Exactly as written, print out each entry in the data, with no pictures.

RECORDS:
+ + + +

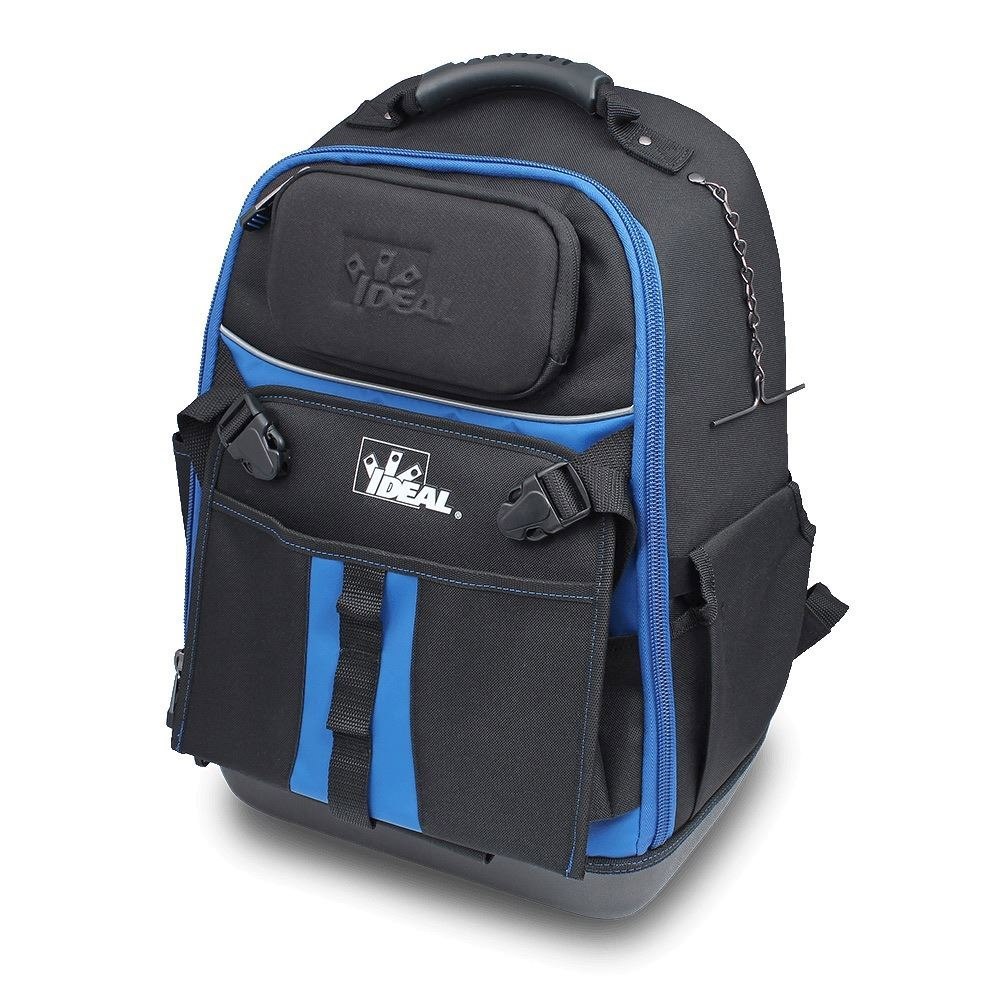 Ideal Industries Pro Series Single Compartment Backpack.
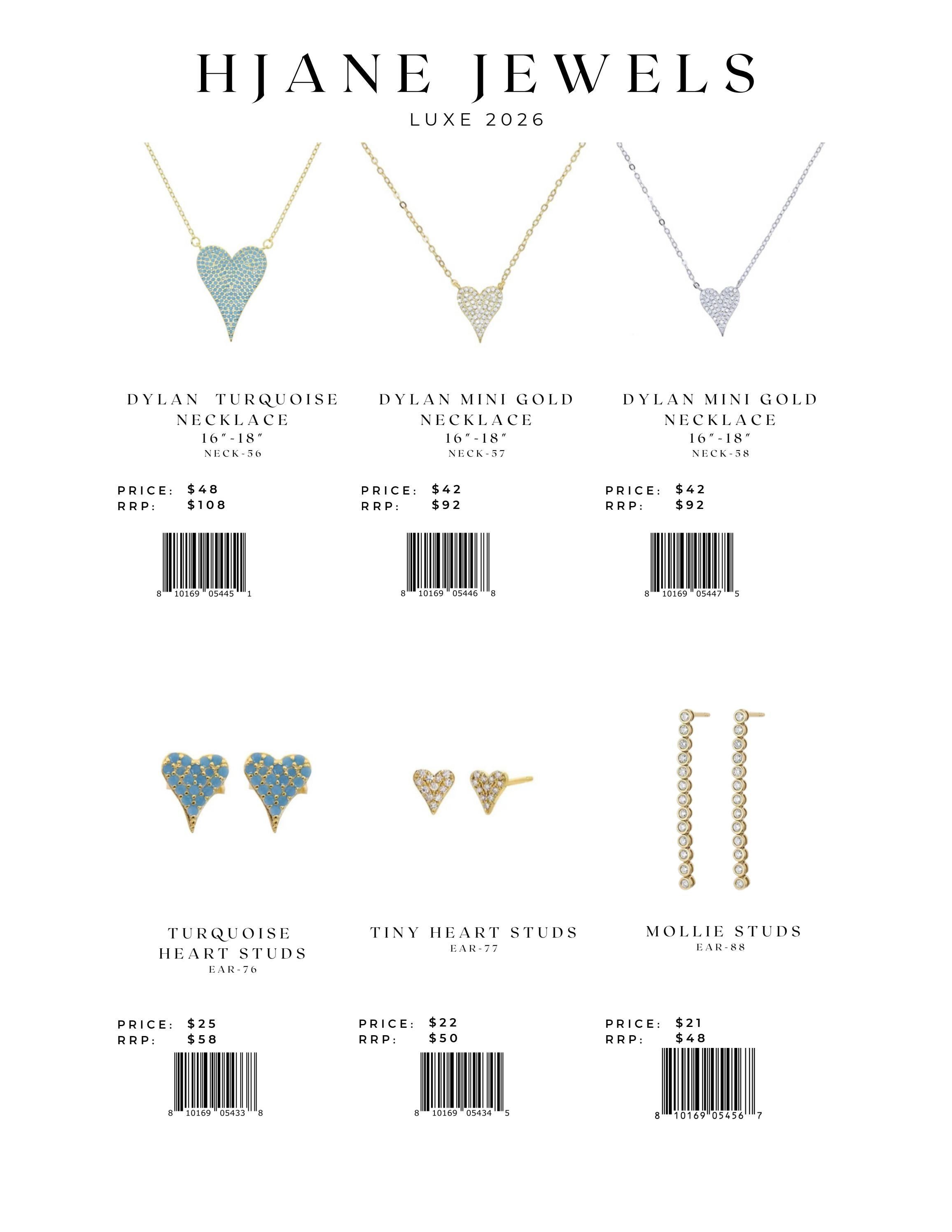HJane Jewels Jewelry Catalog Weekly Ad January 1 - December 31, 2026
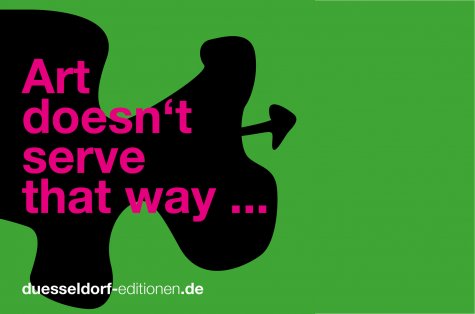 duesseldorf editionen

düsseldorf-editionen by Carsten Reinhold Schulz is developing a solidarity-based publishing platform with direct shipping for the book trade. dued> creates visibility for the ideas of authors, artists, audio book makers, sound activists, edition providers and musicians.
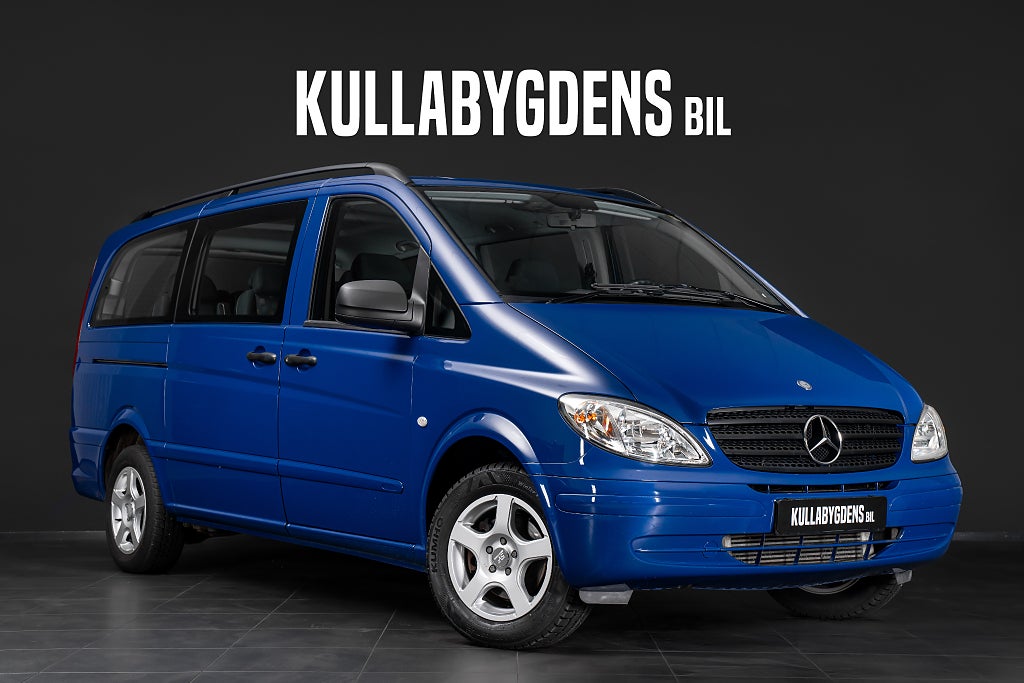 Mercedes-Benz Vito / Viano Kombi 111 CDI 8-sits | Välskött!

+ + + +

RESPONSE TO THE EXERCISE:
 Ideal Industries Pro Series Single Compartment Backpack.
HJane Jewels Jewelry Catalog Weekly Ad January 1 - December 31, 2026
 duesseldorf editionen

düsseldorf-editionen by Carsten Reinhold Schulz is developing a solidarity-based publishing platform with direct shipping for the book trade. dued> creates visibility for the ideas of authors, artists, audio book makers, sound activists, edition providers and musicians.
 Mercedes-Benz Vito / Viano Kombi 111 CDI 8-sits | Välskött!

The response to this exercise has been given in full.